-- Provided records follows --

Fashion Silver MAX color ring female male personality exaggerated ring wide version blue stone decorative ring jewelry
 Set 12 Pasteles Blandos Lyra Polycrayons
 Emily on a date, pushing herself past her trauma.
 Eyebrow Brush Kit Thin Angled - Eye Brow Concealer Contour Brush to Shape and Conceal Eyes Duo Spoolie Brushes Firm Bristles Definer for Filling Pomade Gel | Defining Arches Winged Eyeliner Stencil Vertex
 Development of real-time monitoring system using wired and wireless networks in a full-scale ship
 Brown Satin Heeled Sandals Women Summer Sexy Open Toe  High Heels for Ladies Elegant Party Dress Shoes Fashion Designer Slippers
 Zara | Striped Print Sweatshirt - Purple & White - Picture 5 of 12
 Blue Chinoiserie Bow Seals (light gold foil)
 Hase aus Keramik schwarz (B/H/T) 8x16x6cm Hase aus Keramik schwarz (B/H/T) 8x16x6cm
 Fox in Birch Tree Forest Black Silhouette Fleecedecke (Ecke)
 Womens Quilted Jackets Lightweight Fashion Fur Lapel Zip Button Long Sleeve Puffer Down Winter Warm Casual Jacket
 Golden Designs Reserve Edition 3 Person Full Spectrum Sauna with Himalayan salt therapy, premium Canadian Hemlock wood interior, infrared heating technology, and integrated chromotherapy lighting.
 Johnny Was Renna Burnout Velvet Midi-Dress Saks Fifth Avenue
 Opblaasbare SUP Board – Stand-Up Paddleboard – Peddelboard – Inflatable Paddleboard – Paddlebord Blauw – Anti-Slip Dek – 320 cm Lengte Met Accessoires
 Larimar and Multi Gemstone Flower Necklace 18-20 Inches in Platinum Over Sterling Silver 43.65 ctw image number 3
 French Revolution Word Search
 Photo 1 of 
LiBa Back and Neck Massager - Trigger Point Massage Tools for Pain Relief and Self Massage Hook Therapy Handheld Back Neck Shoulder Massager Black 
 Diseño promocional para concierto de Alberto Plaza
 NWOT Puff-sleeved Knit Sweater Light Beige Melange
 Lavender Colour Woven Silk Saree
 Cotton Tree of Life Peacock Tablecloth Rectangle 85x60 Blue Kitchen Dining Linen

-- Provided records concluded --

## What the task requires
Could you copy every record above exactly as written?

## Answer to the problem
Fashion Silver MAX color ring female male personality exaggerated ring wide version blue stone decorative ring jewelry
 Set 12 Pasteles Blandos Lyra Polycrayons
 Emily on a date, pushing herself past her trauma.
 Eyebrow Brush Kit Thin Angled - Eye Brow Concealer Contour Brush to Shape and Conceal Eyes Duo Spoolie Brushes Firm Bristles Definer for Filling Pomade Gel | Defining Arches Winged Eyeliner Stencil Vertex
 Development of real-time monitoring system using wired and wireless networks in a full-scale ship
 Brown Satin Heeled Sandals Women Summer Sexy Open Toe  High Heels for Ladies Elegant Party Dress Shoes Fashion Designer Slippers
 Zara | Striped Print Sweatshirt - Purple & White - Picture 5 of 12
 Blue Chinoiserie Bow Seals (light gold foil)
 Hase aus Keramik schwarz (B/H/T) 8x16x6cm Hase aus Keramik schwarz (B/H/T) 8x16x6cm
 Fox in Birch Tree Forest Black Silhouette Fleecedecke (Ecke)
 Womens Quilted Jackets Lightweight Fashion Fur Lapel Zip Button Long Sleeve Puffer Down Winter Warm Casual Jacket
 Golden Designs Reserve Edition 3 Person Full Spectrum Sauna with Himalayan salt therapy, premium Canadian Hemlock wood interior, infrared heating technology, and integrated chromotherapy lighting.
 Johnny Was Renna Burnout Velvet Midi-Dress Saks Fifth Avenue
 Opblaasbare SUP Board – Stand-Up Paddleboard – Peddelboard – Inflatable Paddleboard – Paddlebord Blauw – Anti-Slip Dek – 320 cm Lengte Met Accessoires
 Larimar and Multi Gemstone Flower Necklace 18-20 Inches in Platinum Over Sterling Silver 43.65 ctw image number 3
 French Revolution Word Search
 Photo 1 of 
LiBa Back and Neck Massager - Trigger Point Massage Tools for Pain Relief and Self Massage Hook Therapy Handheld Back Neck Shoulder Massager Black 
 Diseño promocional para concierto de Alberto Plaza
 NWOT Puff-sleeved Knit Sweater Light Beige Melange
 Lavender Colour Woven Silk Saree
 Cotton Tree of Life Peacock Tablecloth Rectangle 85x60 Blue Kitchen Dining Linen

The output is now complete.